*** Begin section ***

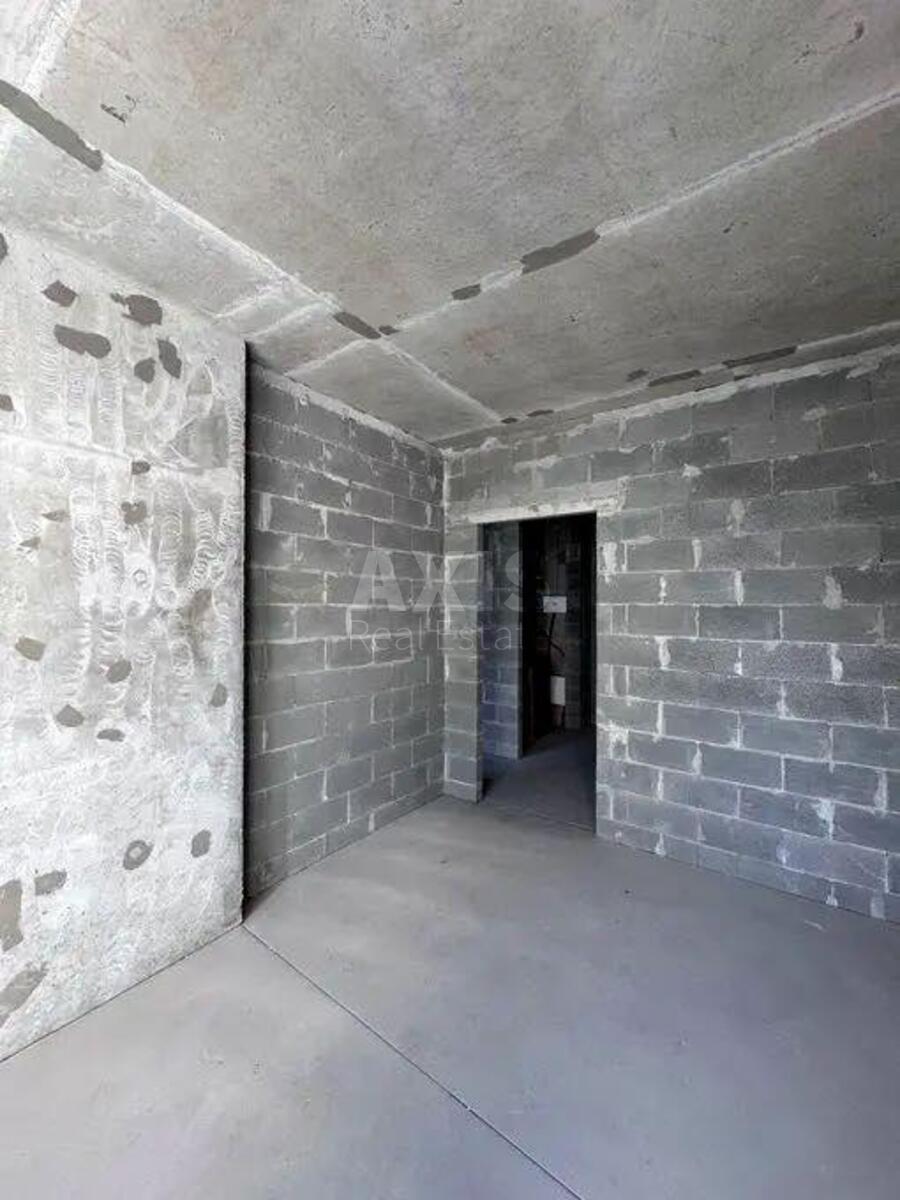 1k apartment bul. Ryl's'kogo Tadeja 1620134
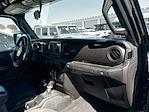 Used 2021 Jeep Wrangler Unlimited Sport for sale #CV740467 - photo 32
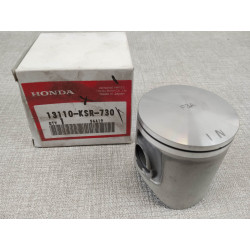 PISTON A HONDA CR125R 2005-2007 13110-KSR-730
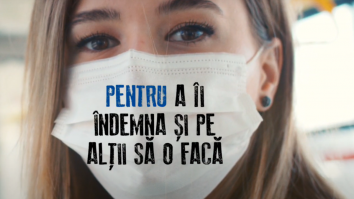 Câți bani dă statul pentru a convinge cetățenii să se vaccineze anti-Covid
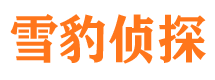 巩义找人公司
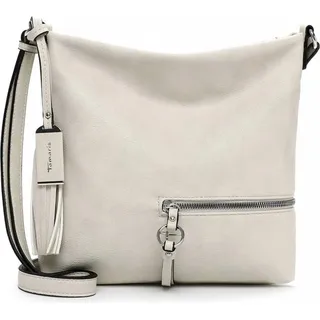 Tamaris Umhängetasche Beige - Beige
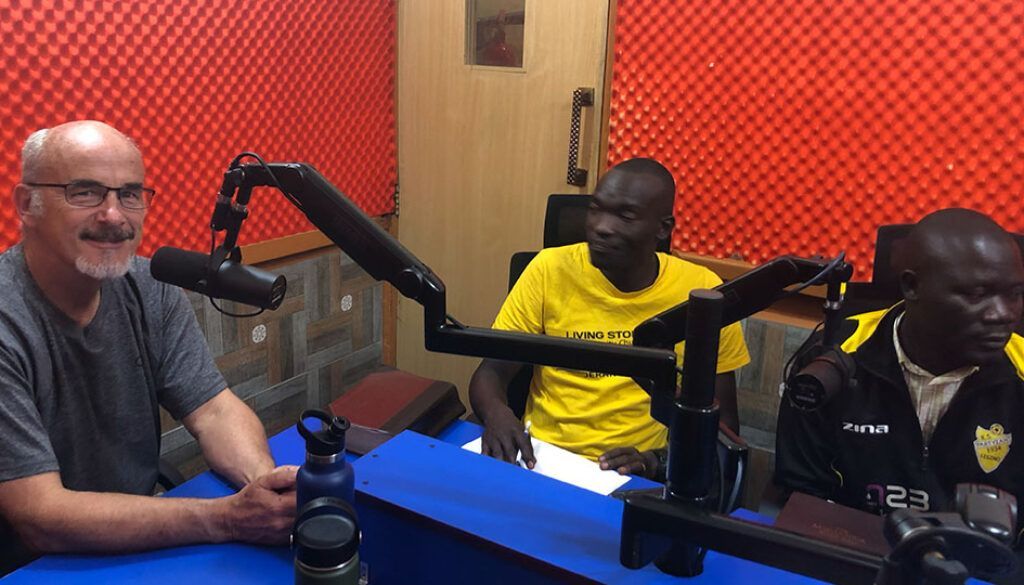 Blog 8 pic Blog 8 pic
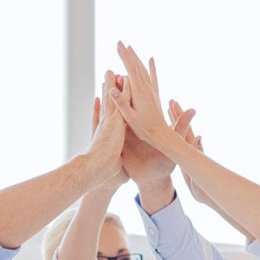 �����²ż汸�Ĺ����Ŷ�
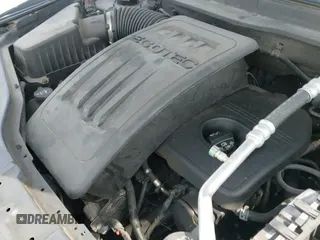 ✅ 2013 Chevrolet Captiva Sport LT • VIN: 3GNAL3EK7DS588542 • Lot: 42791825. Wystawiony na IAAI z przebiegiem 176 332 mil. Bezpłatny archiwum sprzedaży aukcyjnych z USA i szczegółowy raport historii pojazdu na DreamBid. Zdjęcie 12.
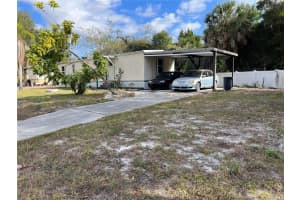 10908 COUNTRY HAVEN DRIVE, GIBSONTON, FL 33534 Sold 08/09/24
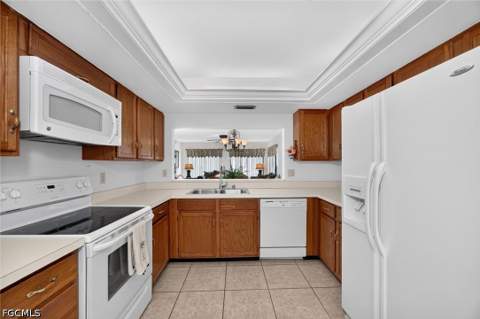 1780 Augusta Dr 101, Fort Myers FL - photo 7 of 46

*** End section ***

> **TASK TO COMPLETE**
Copy exactly and only this span: the line with "Used 2021 Jeep" through the final line of the entries, both ends included, with the pictures left out.

> **TASK OUTPUT**
 Used 2021 Jeep Wrangler Unlimited Sport for sale #CV740467 - photo 32
 PISTON A HONDA CR125R 2005-2007 13110-KSR-730
 Câți bani dă statul pentru a convinge cetățenii să se vaccineze anti-Covid
 巩义找人公司
 Tamaris Umhängetasche Beige - Beige
 Blog 8 pic Blog 8 pic
 �����²ż汸�Ĺ����Ŷ�
 ✅ 2013 Chevrolet Captiva Sport LT • VIN: 3GNAL3EK7DS588542 • Lot: 42791825. Wystawiony na IAAI z przebiegiem 176 332 mil. Bezpłatny archiwum sprzedaży aukcyjnych z USA i szczegółowy raport historii pojazdu na DreamBid. Zdjęcie 12.
 10908 COUNTRY HAVEN DRIVE, GIBSONTON, FL 33534 Sold 08/09/24
 1780 Augusta Dr 101, Fort Myers FL - photo 7 of 46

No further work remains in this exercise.